A Consideration on Factors and Algorithms

November 8, 2011

The locker problem asked as an addendum, which of the 100 lockers will be toggled the most and the least?

Having the established foundation based on the number of factors, it is easy to see that locker 1 will have the least toggles, exactly 1. Every other locker will have at least two toggles.

Then which one will have the most - the one whose locker number has the most unique factors.

To determine the number with the most number of unique factors in a given range, it is necessary to generate such a number so that it is divisible by (1,2,3,4,5...) as many of the low integers as the given range allows. This generation pattern follows an interesting sequence: 1*2*3*2*5*1*7*2*3*1*11*1*... As one may see, it contains only prime numbers but the interesting feature is that it multiplies the previous result by only the prime that it is missing in order to be divisible by the next integer.

An inefficient version of the above algorithm would be to calculate the factorial: 1*2*3*4*5*6..., however in order to obtain a number divisible by 1,2,3,4,5, and 6, it is only necessary to multiply 1*2*3*2*5*1 - much more efficient packing, and this is the reason why this pattern generates the smallest number that contains the most factors.

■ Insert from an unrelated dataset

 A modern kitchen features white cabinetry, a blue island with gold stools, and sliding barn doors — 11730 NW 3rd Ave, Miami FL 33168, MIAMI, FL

If range is not an issue but the number of prime factors is (that is, minimize ratio of prime factors to total unique factors), one would preferentially choose all unique prime factors as that will yield 2^n possible factors. However, using this algorithm and applying a range limit to it will not be efficient since the aforementioned algorithm allows use of repeating prime factors to achieve the best number size reduction to fit a particular range. For instance if one would like to know the number with the most factors that is less than 1000, the unique primes approach would give 1*2*3*5*7=210, while the most-factors algorithm will give 1*2*3*2*5*1*7*2=840, clearly a better answer for the problem.

Yet neither algorithm is ideal, and other factors must be taken into account...

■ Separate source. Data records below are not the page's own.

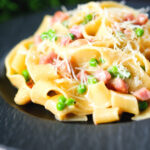 Creamy gammon steak pasta with peas in a carbonara sauce garnished with cheese.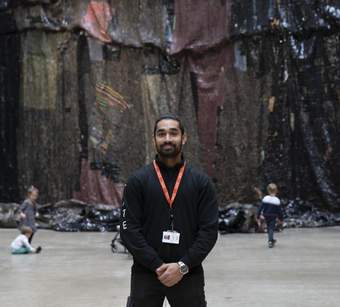 A person smiling wearing black clothes with an orange lanyard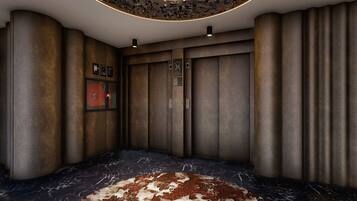 An elevator interior with wooden paneling, a marble floor, and a fire alarm panel.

Looks like a definitive algorithm is to use the initial pattern, 1*2*3*2*5*7*2*3*11... and truncate it so that it is just less than the maximum allowed range. Now divide the maximum allowed range by the number obtained from the truncated pattern, and floor the result. Next find a prime factorization such that it is closest possible less than or equal to the division result.

For instance, what is the number with most unique composite and prime factors that is less than 2000? How many factors does it have?

Using the pattern 1*2*3*2*5*1*7*2*3=2520 which is above the maximum range, then 1*2*3*2*5*1*7*2=840. Now floor(2000/840)=2 so the number we are looking for is 840*2=1680. Performing a factorization on the number, we obtain a total of 40 factors. It can be computationally proven that no other number less than 2000 has 40 unique factors.